Mon Oct 26 16:04:06 CET 2009

On Sun, Oct 25, 2009 at 1:48 AM, Nick Coghlan <ncoghlan at gmail.com> wrote:
> Terry Reedy wrote:
>>>  In this model, a
>>> get() method, or even a __getitem__ with s[k] is k, is only natural.
>>
>> No, if key and value were the same thing, the get method would be
>> nonesense, as Guido said. But since they are not, since the implict key
>> is an abstract class, retrieving the representative, perhaps canonical
>> object given *any* member *is* natural.
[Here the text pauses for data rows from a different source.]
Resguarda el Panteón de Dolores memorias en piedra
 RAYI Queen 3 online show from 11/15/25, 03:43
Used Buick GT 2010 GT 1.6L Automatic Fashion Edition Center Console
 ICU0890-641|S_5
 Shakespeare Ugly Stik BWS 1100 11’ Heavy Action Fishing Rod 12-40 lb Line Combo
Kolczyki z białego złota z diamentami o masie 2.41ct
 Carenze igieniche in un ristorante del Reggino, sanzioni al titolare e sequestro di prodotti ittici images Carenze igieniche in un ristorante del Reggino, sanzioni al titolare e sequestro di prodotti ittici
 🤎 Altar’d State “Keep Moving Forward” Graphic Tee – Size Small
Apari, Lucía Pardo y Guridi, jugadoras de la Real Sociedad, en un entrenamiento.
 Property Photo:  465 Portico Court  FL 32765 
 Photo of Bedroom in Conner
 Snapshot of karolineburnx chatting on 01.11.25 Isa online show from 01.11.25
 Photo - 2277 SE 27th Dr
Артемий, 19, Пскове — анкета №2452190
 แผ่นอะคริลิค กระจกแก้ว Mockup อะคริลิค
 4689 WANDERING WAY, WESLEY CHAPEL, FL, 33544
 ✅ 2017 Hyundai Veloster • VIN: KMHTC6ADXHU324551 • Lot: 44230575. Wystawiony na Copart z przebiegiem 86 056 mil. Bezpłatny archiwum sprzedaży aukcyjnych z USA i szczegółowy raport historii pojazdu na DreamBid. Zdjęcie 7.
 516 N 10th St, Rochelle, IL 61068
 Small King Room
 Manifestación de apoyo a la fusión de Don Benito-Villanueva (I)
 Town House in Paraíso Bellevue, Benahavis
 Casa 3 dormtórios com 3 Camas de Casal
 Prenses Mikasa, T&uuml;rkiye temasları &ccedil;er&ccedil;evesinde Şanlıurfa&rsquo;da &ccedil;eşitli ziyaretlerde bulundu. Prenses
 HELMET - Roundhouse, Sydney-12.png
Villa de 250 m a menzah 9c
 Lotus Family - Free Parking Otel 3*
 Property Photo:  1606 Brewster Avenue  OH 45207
Being able to do so is also a
>> standard practice in mathematics.
>
> To formalise this invariant to some degree: given a set "s" and two
> items "k1" and "k2", such that "k1 in s" and "k2 in s" and "k1 == k2",
> there is a single item "k" in s such that "k1 == k" and "k2 == k".
>
> If __getitem__ were to be provided by sets, then the last part of that
> invariant could be written "s[k1] is s[k2]".
>

Thanks, Nick and Terry for a much more precise formulation of the
point that I was trying to present.  When I wrote s[k] is k, I had in
mind for k stored is the set or among the keys of an equivalent dict.
Formally alltrue(s[k] is k for k in s).  Nick's invariant is of course
a better expression of the same idea.

I believe interning is a worthwhile use case for Python to have "one
obvious way to do it."   Martin suggests that such a way already
exists and it involves storing interned objects as both keys and
values in a dictionary.  While this may have been obvious before sets
became available, I agree with Steven that in post 2.4 python users
are likely to look at set first and will only turn to dictionary after
discovering that the functionality that they are looking for is not
available in set.

Even if you know to use a dictionary, there are still some non-obvious
tricks to learn about.  First, you need to learn about setdefault, a
much criticized method that led to a new class being introduced to the
standard library:

http://mail.python.org/pipermail/python-dev/2003-February/033321.html
http://docs.python.org/library/collections.html?highlight=defaultdict#collections.defaultdict

Second, there is no obvious way to pre-seed the dictionary, i.e.,
given a list l of keys,

d = {}
for k in l:
   d[k] = k

When I was looking for a dict method to accomplish that, I discovered
dict.fromkeys, which of course was not the right method.  I still
don't know if a better solution exists than calling setdefault(k, k)
in a loop.

As experience with defaultdict has shown, it may be more appropriate
to introduce a specialized and properly named class in collections
rather than overloading set with new methods, but such approach would
lead to steep learning curve.  Collections.defaultdict, could be
cross-referenced from dict.setdefault, but a hypothetical
collections.interningset would most likely remain undiscovered for the
majority of users.

Here is an alternative idea on how storing interned objects in a set
can be supported.  Currently set.add method returns None and had no
effect when set already has an object equal to the one being added.  I
propose to consider changing that behavior to make set.add return the
added object or the set member that is equal to the object being
added.  It is unlikely that many programs rely on the return value
being None (with doctests being a probable exception), so adding this
feature is unlikely to cause much grief.